29. Somut olayda başvurucu, bu başlık altındaki iddialarını soyut bir şekilde ileri sürmüş; başvuru konusu olaylarla ilgili delilleri sunarak olaylar hakkındaki iddialarını kanıtlama ve dayanılan Anayasa hükmünün kendisine göre ihlal edildiğine dair hukuki iddialarını ortaya koyma yükümlülüğünü yerine getirmemiştir. Başvurucu, yargılamanın sıhhati açısından önem taşıyan tanıkların dinlenmemesi ve başka dava dosyalarındaki bilgi ve belgelerin gerekçeli kararda mahkûmiyetine dayanak alınması nedeniyle adil yargılanma hakkının ihlal edildiğini ileri sürmüş ise de tanıkların dinlenmesinin neden önem taşıdığına ilişkin bir açıklama yapmadığı gibi şikâyetinde belirttiği başka dava dosyalarının hangi dosyalar olduğu, mahkûmiyete esas alınan bilgi ve belgelerin neler olduğu hususunda herhangi bir değerlendirmede bulunmamıştır.
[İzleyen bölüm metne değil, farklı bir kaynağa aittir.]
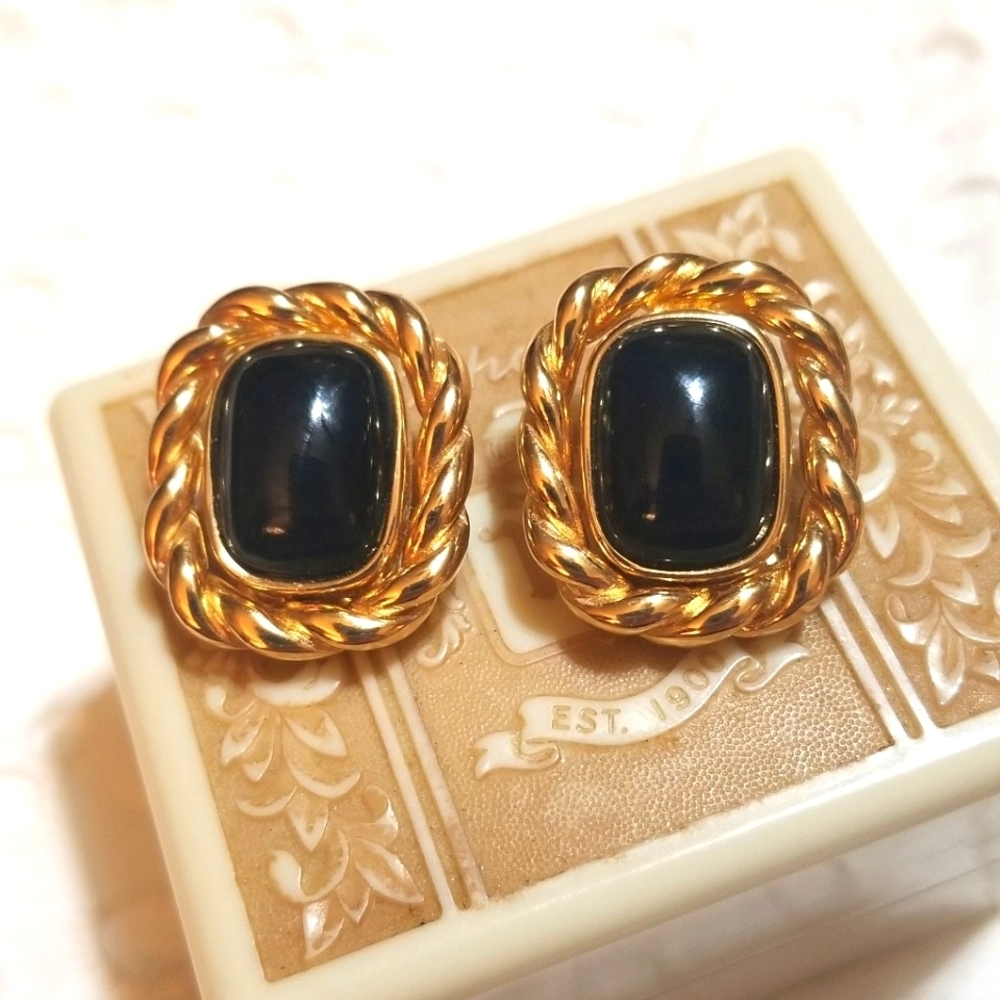 Dior Gold and Black Earrings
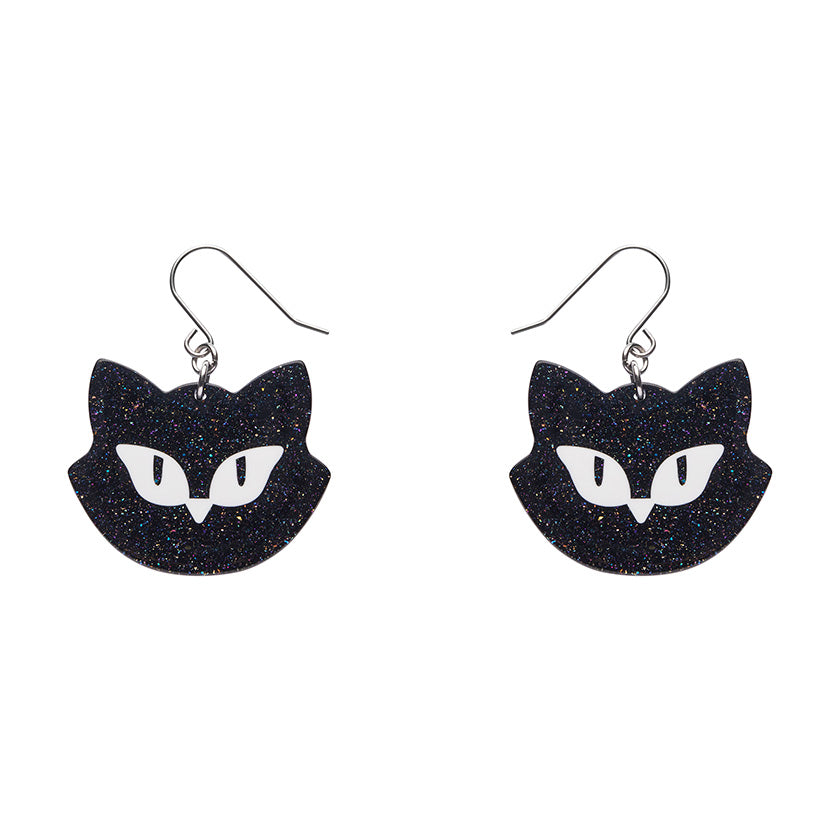 Shadow the Cat Glitter Drop Earrings - Black by Erstwilder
Aynı şekilde başvurucu, iletişimin tespiti ve fiziki takip yapılmasına izin verilmesi kararları alınırken dikkate alındığını ileri sürdüğü gizli belgelerin kendisine bildirilmemesi ve bu belgelerle ilgili görüşünün alınmaması nedenleriyle çelişmeli yargılama ilkesinin ihlal edildiğini ileri sürmüş ancak dosya içinde bulunduğunu iddia ettiği gizli belgelerin neler olduğuna, yargılamanın seyri üzerinde ne tür etki yarattığına ilişkin yeterli bir değerlendirmede bulunmamıştır.
30. Başvurucu; hakkındaki yargılamanın özel yetkili mahkemelerce gerçekleştirildiğini, bu mahkemelerin bağımsız ve tarafsız olduklarının söylenemeyeceğini belirterek bağımsız ve tarafsız mahkemede yargılanma hakkının ihlal edildiğini ileri sürmüş ancak söz konusu mahkemenin neden bağımsız ve tarafsız olmadığı hususlarında yeterli bir açıklamaya başvuru formunda yer vermemiştir.
31. Bundan başka başvurucu, soruşturma aşamasında gizlilik kararı alınması nedeniyle hükme esas alınan delillerden bazıları ile ilgili olarak gereği gibi savunma yapamaması nedeniyle savunma hakkının ihlal edildiğini ileri sürmüş; buna karşın kovuşturma aşamasında her tür gizlilik kalktığı hâlde hangi surette savunmasını yapamadığına ilişkin herhangi bir açıklamada bulunmamıştır.
32. Başvurucu, iletişimin tespiti ve fiziki takip yapılmasına izin verilmesine ilişkin kararların keyfî olması, kanunda öngörülen koşullar gerçekleşmeden bu kararların verilmesi nedeniyle ise haberleşme özgürlüğü ile özel hayata ve aile hayatına saygı hakkının ihlal edildiğini ileri sürmüş ise de bu hususta başvuru formunda yeterli açıklamalarda bulunmamış; kanun hükümlerini belirtmek suretiyle yapılan işlemin bu hükümlere uymadığını soyut bir şekilde belirtmekle yetinmiştir.
33. Açıklanan gerekçelerle bu bölümdeki iddiaların temellendirilememiş olduğu anlaşıldığından başvurunun bu kısmının açıkça dayanaktan yoksun olması nedeniyle kabul edilemez olduğuna karar verilmesi gerekir.
VI. HÜKÜM
Açıklanan gerekçelerle;
A. 1. İfade özgürlüğü ile toplantı ve gösteri yürüyüşü düzenleme hakkının ihlal edildiğine ilişkin iddianın açıkça dayanaktan yoksun olması nedeniyle KABUL EDİLEMEZ OLDUĞUNA,
2. Adil yargılanma hakkının, haberleşme özgürlüğünün ve özel hayata saygı hakkının ihlal edildiğine ilişkin iddianın açıkça dayanaktan yoksun olması nedeniyle KABUL EDİLEMEZ OLDUĞUNA,
B. Yargılama giderlerinin başvurucu üzerinde BIRAKILMASINA 20/11/2019 tarihinde OYBİRLİĞİYLE karar verildi.